In the classroom I feel a rush in the warm pastels and amidst the live-wire curiosity of the students. Their backs spout straight, lights on -- their quiet is attentive, not distant. Later, they’ll read us poems they liked, in several languages, shyly, but that look at the end: their eyes up, subtly proud but searching, not for applause but to know they’ve been heard -- there is poetry there too. “How do you feel?” Natalija asks a student standing at her desk after reading, paper flapped over her hands. “Both happy and sad?” The student nods. “So, alive,” Natalija concludes. I appreciate this decisive open-endedness (which perhaps itself is good living: to make bold choices while awash in contingencies).
She asks me good questions too, like an impromptu interview that makes it easier for me than I had quietly fretted, but likewise spurs me to be truthful. She asks me to describe what I write about, and I think of John Cage (Art is less like an object and more like the weather); I picture the posters of pottery on the walls in the staircase-- objects amassed in museums, monuments printed on postcards -- against the speckled light in the courtyard outside the school, the wood pew stout in the church or the clean spoon asleep on a saucer...what counts as plot and event, at the center of our experience? What don’t we notice as we consolidate, and fold into familiarity?
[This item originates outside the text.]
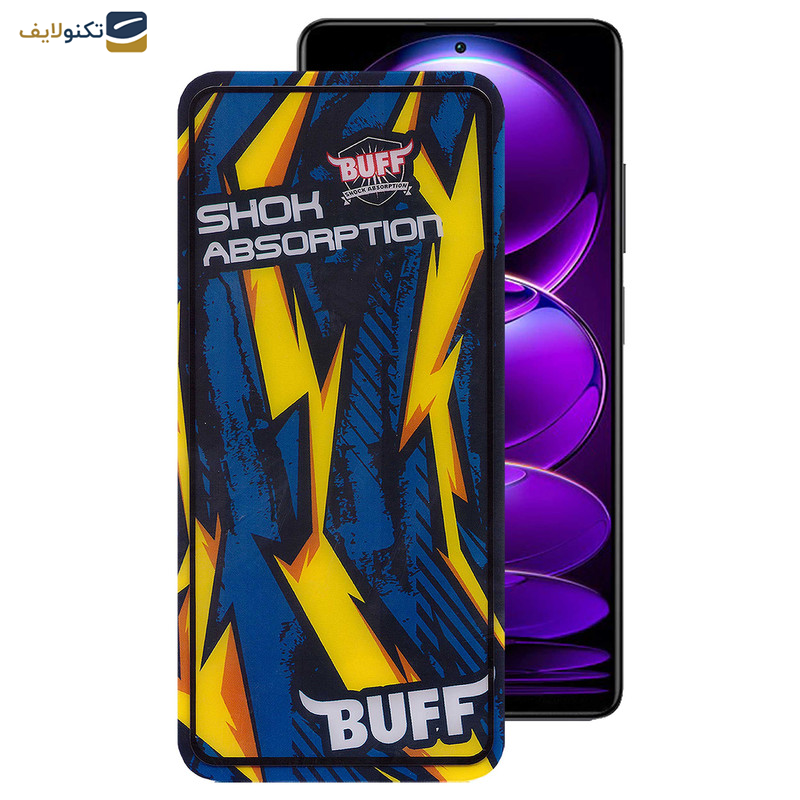 محافظ صفحه نمایش بوف مدل Shock-Shock-G مناسب برای گوشی موبایل شیائومی Redmi Note 12 Discovery-Note 12 Explorer-Note 12 Pro Speed - Buff Shock-Shock-G Glass Screen Protector For Xiaomi Redmi Note 12 Discovery-Note 12 Explorer-Note 12 Pro Speed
I am conscious that the students are young, in their early teens, and that this is a foreign language for them, so I must choose words carefully -- as if I am speaking another language too. Here is where the experience edged me upon myself, and stirred me at center, as a thumb traces the rim of a glass so it sings. Because what I likewise love most about learning a language is that I am forced to streamline my thoughts into simpler terms, to sift down to an essence. As a person who feels my own voice strongest in the silence of text-- this is a translation not just of sounds, but of thought. It feels to me, more creative than writing -- not only a task to string syllables, but an act of the spirit striving to see itself. For these faces before me, and for myself inside, I must become someone legible.